Chase recently caught up with Jon Plummer to find out how a tiny, mom-and-pop shop in northern Michigan won a national competition, and thrives. Here are excerpts, edited and condensed for clarity:

Q: | How did you win the “Best Scoops" competition?

The "Best Scoops Challenge" was a customer-nominated contest. My mother's friend—who was also my first grade teacher—called us and told us that "Good Morning America" was having a contest. We printed out the nomination criteria and simply put it in our napkin holders. A local woman nominated us, and we made it to the top 10. Later, "Good Morning America" called us and told us that we'd made it to the top four, and asked if they could film a segment here. That's when we started to promote the contest. About a week later, they called us and told us that we had won.

view of farm with some cows around

Q: | How did winning the contest change your business?

That would be our "tipping point." Most businesses have a really good thing or a really bad thing that happens to them. The opportunities we've since had wouldn't have come along if we hadn't won the contest. It was a bit of luck. But you've got to have a good product and great service, no matter what.

Q: | How did you get started?

I'm actually the second generation. My mom, Nancy, was a first-grade teacher who decided she wanted a change of pace. Because we live on an 80-acre dairy farm, she decided to open a local ice cream store.

Prior to opening, we got free business counseling, which either gives you a thumbs up or a thumbs down. They gave us a thumbs down for a few reasons. We had zero business background, zero food experience, and we didn't have a formal business plan. We were also too far from town—we're a destination, not a convenience factor. But the true gem of the "thumbs down" is when you're self-employed, it adds fuel to the fire: 'We'll prove them wrong.
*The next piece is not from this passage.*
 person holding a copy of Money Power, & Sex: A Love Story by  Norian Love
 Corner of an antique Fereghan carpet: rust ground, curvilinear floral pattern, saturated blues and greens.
We'll make a go of it.'

Q: | How have you grown those relationships as a small business?

Our relationship with the local Chase branch is top-notch. They help us with financial questions. They try to make things easier so we can work our business. They're always asking, 'how can we help small businesses be better?' They're on top of things, and always just a phone call away.

two ice cream cones

Q: | Traverse City is known as a "foodie" city, with a thriving restaurant culture. How do you stand out from the crowd?

We fortunately entered the market 20 years ago, before Traverse City was on the radar as a foodie town. So part of it was starting at the right time. We also offer not only an exceptional product, but also an experience—an agricultural experience—for folks who are getting further away from that way of life. Most folks don't grow anything that they need anymore.

Q: | We understand that you hire local teenagers to work your business. What do you look for in an employee?

We want kids who desire work experience. We're not looking for kids whose mom and dad said 'go get a job.' We also want kids to have fun and to learn. This is most of our employees' first job, their first formal introduction to the workplace. As a for-profit business, we see it as our civic duty to show kids what work is, and what expectations and repercussions are.

Q: | How do you see your business moving forward in the coming years?

We're trying to grow our wholesale accounts. There's physically no other way to get people through our doors. We bought a bigger freezer truck and a new storage freezer. We have over 120 wholesale accounts: we deliver to other stores, restaurants and even other scoop shops.

With that being said, our retail store is our bread and butter. What makes us Moomers is the Moomers experience: coming out to our store which overlooks our eighty acre operating daily farm. We still like that old-fashioned handshake, calling customers by name, and asking about their kids. Being real and being human is a very valuable part of our success.

Q: | What's your advice for other small businesses?

Stay true to your business, and get up every day and work your business. Be an owner-operator. Face time to us is time at the store, talking to our customers and forming more than just a business relationship. Hands-off ownership isn't the approach to small business: be active in your business. After all, your name is on the business.